Singapore bitcoin ATM producer Tembusu announced today it has closed its seed funding round and raised over S$300,000 (US$236,600), just one and a half weeks after launching its first machine and after the company itself was valued at S$5.1m (US$4.02m).
Company spokesman Jarrod Luo said the extra capital would form the bulk of the working capital the startup requires to “fulfill its outstanding machine orders in a timely fashion”, including stockpiling raw materials and expanding its team.
Tembusu was the first company to open a bitcoin ATM in Singapore, and it is also the first to design and manufacture its machines there. It is also Asia’s first home-grown bitcoin ATM producer, having just beaten South Korea’s Coinplug to launch by a couple of days.

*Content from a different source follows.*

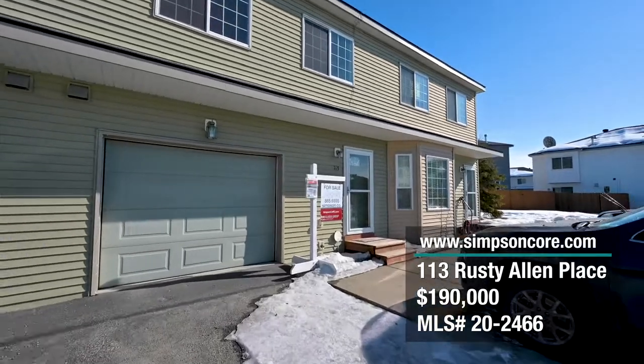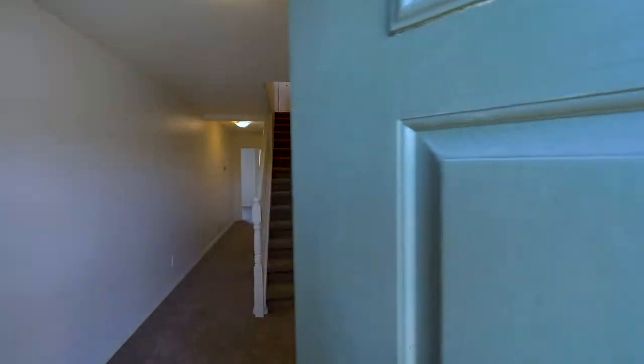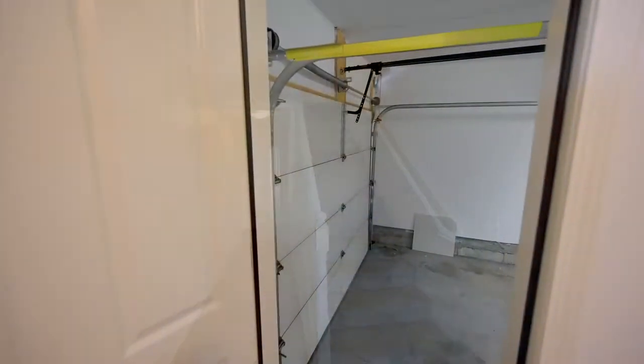Welcome to 113 Rusty Allen Place. As you open the door, notice the ample space in the entryway connecting to the garage.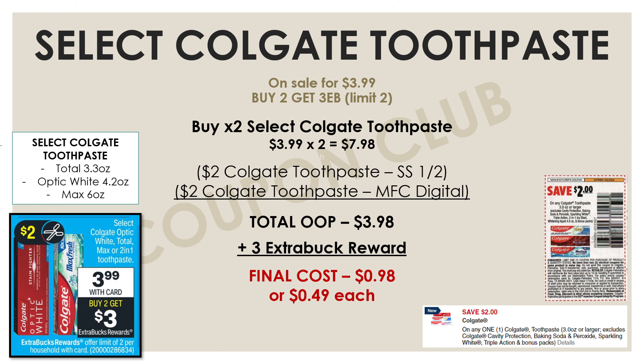This week select Colgate toothpaste is on sale for $3.99, and if you buy two you get a three-dollar Extra Buck. Pick up two of the select Colgate toothpastes on sale — the Total, Optic White, or Max — for $7.98. Then use two two-dollar-off Colgate toothpaste coupons: one is a manufacturer digital and the other can be found in the Smart Source from January 2nd. That's four dollars in coupons, bringing out-of-pocket down to $3.98. We get back a three-dollar Extra Buck, making the final cost just 98 cents for both toothpastes, or 49 cents each.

At press time Singapore has six active bitcoin ATMs, with several companies racing to increase that number. Another Singapore company, Bitcoin Exchange, launched a Lamassu ATM in a busy Singapore shopping mall right after Tembusu’s release.
Since the collapse of Mt. Gox, and now in its wake a Canada-based virtual currency exchange called Flexcoin was also forced to shut down last week. Flexcoin said flaws in its software code enabled hackers to make off with bitcoins worth around 440,000 euros. “As Flexcoin does not have the resources, assets, or otherwise to come back from this loss, we are closing our doors immediately,” it said in a statement. A message posted on its website explained that the attack had exploited a flaw in its code on transfers between users and involved inundating the system with simultaneous requests to move coins between accounts “Flexcoin has made every attempt to keep our servers as secure as possible, including regular testing,” it said, adding it had repelled thousands of attacks over the past few years. “But in the end, this was simply not enough.”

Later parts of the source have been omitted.